(REQUIREMENT): When the line with "Hi everyone, welcome" comes up, set it down and every later line to the end of the data, exactly and without pictures.

(INFORMATION PROVIDED):
* * * * *
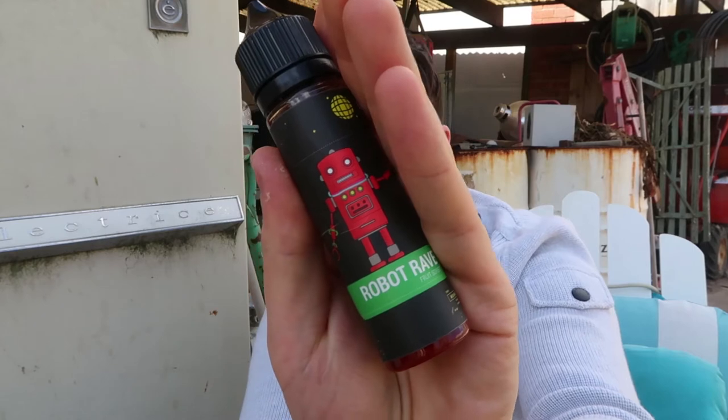What's up guys, I'm Michael from the Cloudy Boys. We're back with another review, and this time it is on Robot Rave, which is an e-juice by Wiccan Wire.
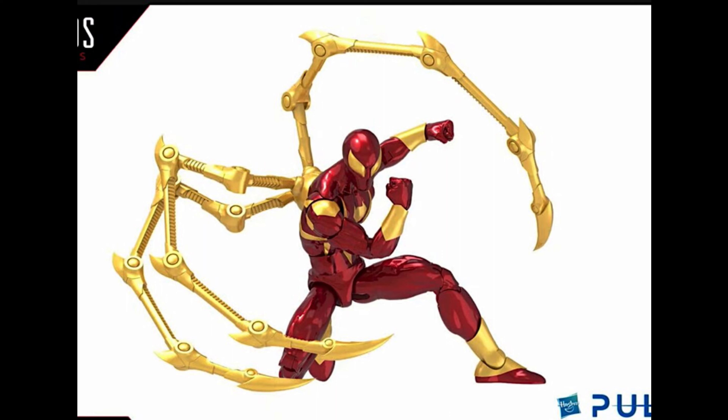Hi everyone, welcome back to Jettel Productions. Today I'm doing a preview video of the newly revealed Marvel Legends Iron Spider. As you can see in the image right here, it looks fantastic - it's a pinless joint figure, so there are no pins on the arms and legs.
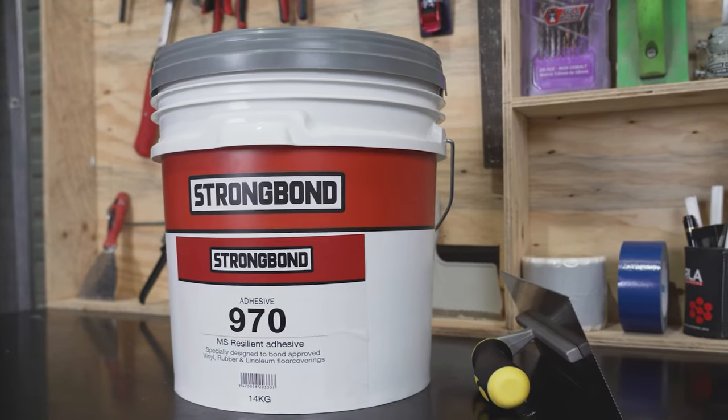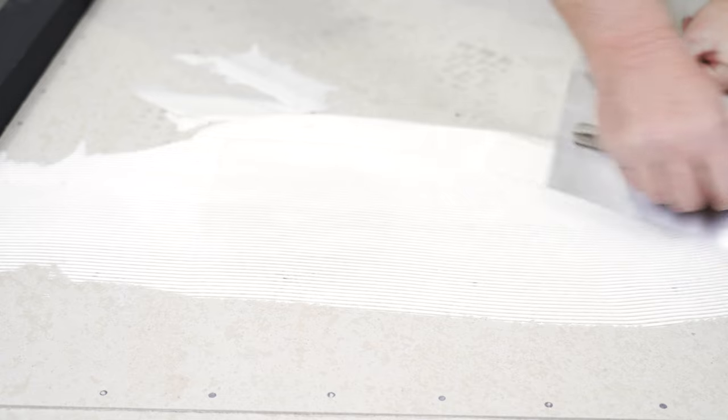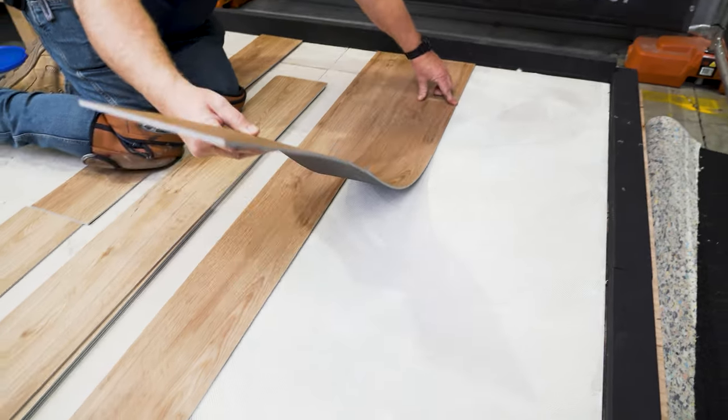StrongBond 970 is a solvent and isocyanate-free, water-resistant resilient flooring adhesive designed for use in wet areas for bonded vinyl, rubber, and linoleum floor coverings.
* * * * *
(TASK ANSWER):
Hi everyone, welcome back to Jettel Productions. Today I'm doing a preview video of the newly revealed Marvel Legends Iron Spider. As you can see in the image right here, it looks fantastic - it's a pinless joint figure, so there are no pins on the arms and legs.
StrongBond 970 is a solvent and isocyanate-free, water-resistant resilient flooring adhesive designed for use in wet areas for bonded vinyl, rubber, and linoleum floor coverings.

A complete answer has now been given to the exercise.